[Records drawn from a dataset]
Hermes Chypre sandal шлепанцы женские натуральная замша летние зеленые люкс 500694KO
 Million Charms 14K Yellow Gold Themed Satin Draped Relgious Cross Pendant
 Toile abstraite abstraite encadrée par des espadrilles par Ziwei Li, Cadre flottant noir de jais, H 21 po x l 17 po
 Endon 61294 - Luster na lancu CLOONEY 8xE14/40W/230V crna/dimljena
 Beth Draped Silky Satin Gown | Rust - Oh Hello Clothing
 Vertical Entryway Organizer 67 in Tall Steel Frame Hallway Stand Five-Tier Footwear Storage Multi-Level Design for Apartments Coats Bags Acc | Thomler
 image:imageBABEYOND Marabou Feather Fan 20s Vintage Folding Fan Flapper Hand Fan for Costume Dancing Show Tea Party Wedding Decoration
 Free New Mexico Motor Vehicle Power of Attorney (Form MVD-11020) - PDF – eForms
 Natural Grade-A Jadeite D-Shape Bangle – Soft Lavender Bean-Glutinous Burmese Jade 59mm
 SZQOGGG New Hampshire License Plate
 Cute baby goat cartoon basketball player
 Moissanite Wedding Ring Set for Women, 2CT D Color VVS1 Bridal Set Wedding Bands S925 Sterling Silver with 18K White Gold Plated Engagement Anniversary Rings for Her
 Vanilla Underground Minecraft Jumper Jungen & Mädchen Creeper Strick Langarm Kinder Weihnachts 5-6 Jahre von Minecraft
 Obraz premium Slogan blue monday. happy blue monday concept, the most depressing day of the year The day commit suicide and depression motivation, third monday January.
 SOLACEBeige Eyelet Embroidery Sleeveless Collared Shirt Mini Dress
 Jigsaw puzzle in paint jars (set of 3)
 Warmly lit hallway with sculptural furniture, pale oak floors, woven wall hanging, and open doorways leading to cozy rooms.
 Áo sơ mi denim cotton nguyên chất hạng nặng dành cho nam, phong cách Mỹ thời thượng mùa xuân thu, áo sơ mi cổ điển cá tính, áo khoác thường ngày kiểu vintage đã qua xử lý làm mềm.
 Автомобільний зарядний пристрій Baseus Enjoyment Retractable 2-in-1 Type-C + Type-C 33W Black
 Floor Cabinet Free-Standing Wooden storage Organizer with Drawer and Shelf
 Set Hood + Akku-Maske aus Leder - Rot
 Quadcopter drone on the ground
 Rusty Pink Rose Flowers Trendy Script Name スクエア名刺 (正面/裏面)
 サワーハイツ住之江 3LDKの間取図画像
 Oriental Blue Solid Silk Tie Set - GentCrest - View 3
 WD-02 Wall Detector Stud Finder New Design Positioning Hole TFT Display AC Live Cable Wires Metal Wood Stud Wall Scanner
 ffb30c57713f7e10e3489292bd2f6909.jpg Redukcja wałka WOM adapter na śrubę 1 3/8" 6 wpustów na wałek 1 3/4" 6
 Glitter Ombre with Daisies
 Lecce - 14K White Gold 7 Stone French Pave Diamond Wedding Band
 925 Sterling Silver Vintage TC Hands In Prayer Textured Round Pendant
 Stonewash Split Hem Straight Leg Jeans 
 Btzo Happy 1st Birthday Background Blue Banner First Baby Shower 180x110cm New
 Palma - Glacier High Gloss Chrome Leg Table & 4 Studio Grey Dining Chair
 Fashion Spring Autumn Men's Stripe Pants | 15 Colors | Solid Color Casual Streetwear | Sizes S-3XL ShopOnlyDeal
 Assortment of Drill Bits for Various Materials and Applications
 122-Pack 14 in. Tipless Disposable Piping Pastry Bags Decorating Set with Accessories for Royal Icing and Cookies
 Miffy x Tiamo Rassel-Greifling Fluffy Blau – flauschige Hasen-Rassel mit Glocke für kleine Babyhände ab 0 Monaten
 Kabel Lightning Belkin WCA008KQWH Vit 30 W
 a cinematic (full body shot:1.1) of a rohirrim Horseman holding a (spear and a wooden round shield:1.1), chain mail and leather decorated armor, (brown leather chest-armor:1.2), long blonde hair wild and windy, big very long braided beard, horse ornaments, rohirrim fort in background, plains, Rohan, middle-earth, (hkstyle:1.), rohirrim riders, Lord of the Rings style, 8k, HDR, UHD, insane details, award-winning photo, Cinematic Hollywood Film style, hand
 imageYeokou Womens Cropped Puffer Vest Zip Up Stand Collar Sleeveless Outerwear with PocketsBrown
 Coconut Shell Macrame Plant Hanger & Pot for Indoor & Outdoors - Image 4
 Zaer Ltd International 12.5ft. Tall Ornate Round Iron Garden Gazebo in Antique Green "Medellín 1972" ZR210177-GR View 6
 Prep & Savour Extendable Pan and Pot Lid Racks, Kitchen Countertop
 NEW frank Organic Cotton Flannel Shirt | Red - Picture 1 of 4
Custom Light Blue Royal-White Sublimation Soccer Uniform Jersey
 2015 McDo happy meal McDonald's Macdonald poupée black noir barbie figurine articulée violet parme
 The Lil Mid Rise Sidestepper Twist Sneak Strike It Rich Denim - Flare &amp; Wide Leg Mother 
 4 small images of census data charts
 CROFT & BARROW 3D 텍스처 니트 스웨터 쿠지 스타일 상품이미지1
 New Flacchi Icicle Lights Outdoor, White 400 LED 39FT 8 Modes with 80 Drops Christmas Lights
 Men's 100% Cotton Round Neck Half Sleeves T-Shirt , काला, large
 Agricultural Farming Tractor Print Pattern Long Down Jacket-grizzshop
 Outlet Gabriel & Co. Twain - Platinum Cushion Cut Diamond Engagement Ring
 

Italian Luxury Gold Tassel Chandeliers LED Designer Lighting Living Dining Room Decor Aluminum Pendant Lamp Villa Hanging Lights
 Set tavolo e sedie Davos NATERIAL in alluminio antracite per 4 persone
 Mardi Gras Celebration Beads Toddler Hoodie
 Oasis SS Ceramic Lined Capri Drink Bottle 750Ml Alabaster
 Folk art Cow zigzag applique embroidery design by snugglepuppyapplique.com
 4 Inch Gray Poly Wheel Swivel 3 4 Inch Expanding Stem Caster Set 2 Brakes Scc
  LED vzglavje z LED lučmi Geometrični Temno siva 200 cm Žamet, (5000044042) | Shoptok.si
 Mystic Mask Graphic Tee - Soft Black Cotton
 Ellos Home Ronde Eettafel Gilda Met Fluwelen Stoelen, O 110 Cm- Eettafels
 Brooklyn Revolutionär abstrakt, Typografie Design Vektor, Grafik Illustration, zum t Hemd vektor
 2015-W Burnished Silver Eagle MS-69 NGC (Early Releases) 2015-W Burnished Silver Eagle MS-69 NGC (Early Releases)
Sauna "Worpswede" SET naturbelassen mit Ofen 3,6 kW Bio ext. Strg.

### Prompt
Your answer must be the lines above from the one containing "Folk art Cow" to the one containing "2015-W Burnished Silver Eagle MS-69 NGC (Early Releases) 2015-W", both included, restated word for word.

### Solution for this problem
 Folk art Cow zigzag applique embroidery design by snugglepuppyapplique.com
 4 Inch Gray Poly Wheel Swivel 3 4 Inch Expanding Stem Caster Set 2 Brakes Scc
  LED vzglavje z LED lučmi Geometrični Temno siva 200 cm Žamet, (5000044042) | Shoptok.si
 Mystic Mask Graphic Tee - Soft Black Cotton
 Ellos Home Ronde Eettafel Gilda Met Fluwelen Stoelen, O 110 Cm- Eettafels
 Brooklyn Revolutionär abstrakt, Typografie Design Vektor, Grafik Illustration, zum t Hemd vektor
 2015-W Burnished Silver Eagle MS-69 NGC (Early Releases) 2015-W Burnished Silver Eagle MS-69 NGC (Early Releases)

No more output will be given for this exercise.